__DATA FOR THIS TASK__.
***

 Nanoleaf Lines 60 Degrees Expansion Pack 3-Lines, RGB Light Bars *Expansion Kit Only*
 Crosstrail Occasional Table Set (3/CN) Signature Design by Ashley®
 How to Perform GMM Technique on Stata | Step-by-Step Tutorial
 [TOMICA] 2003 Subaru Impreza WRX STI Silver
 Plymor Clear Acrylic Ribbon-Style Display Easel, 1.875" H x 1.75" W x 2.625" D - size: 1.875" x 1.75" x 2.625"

***

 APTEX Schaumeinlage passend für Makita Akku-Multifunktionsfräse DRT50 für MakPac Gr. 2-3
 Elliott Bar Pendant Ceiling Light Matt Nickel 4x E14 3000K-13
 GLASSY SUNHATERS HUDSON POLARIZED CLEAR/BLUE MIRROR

***

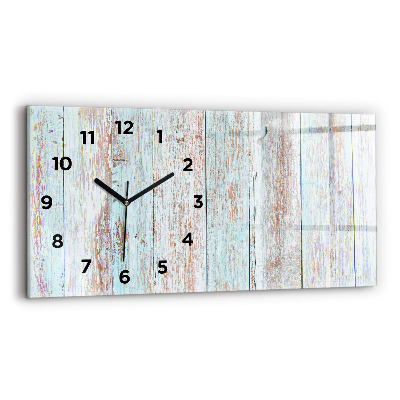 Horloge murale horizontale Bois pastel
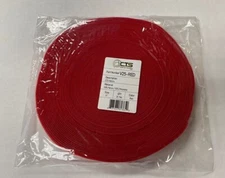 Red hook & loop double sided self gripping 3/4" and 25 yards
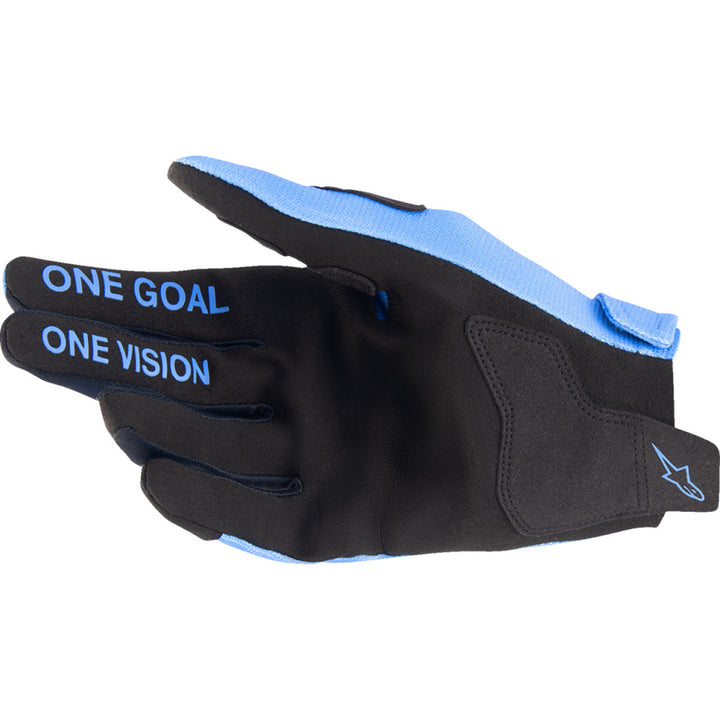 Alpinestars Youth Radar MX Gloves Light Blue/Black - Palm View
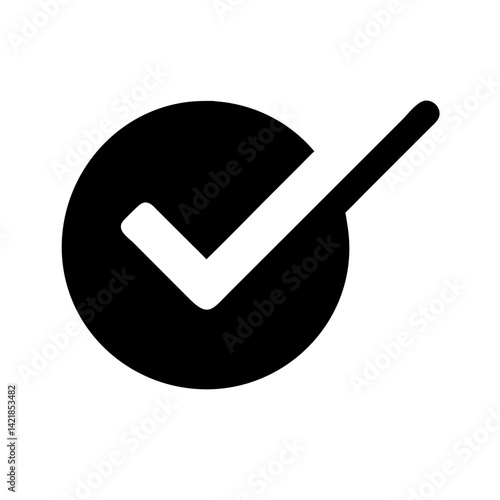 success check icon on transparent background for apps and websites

***

__GOAL OF THE EXERCISE__. Beginning at the line with "Nanoleaf Lines 60" and stopping after the line with "Plymor Clear Acrylic", please write out every line of the data above exactly and nothing else.

__EXERCISE SOLUTION__.
 Nanoleaf Lines 60 Degrees Expansion Pack 3-Lines, RGB Light Bars *Expansion Kit Only*
 Crosstrail Occasional Table Set (3/CN) Signature Design by Ashley®
 How to Perform GMM Technique on Stata | Step-by-Step Tutorial
 [TOMICA] 2003 Subaru Impreza WRX STI Silver
 Plymor Clear Acrylic Ribbon-Style Display Easel, 1.875" H x 1.75" W x 2.625" D - size: 1.875" x 1.75" x 2.625"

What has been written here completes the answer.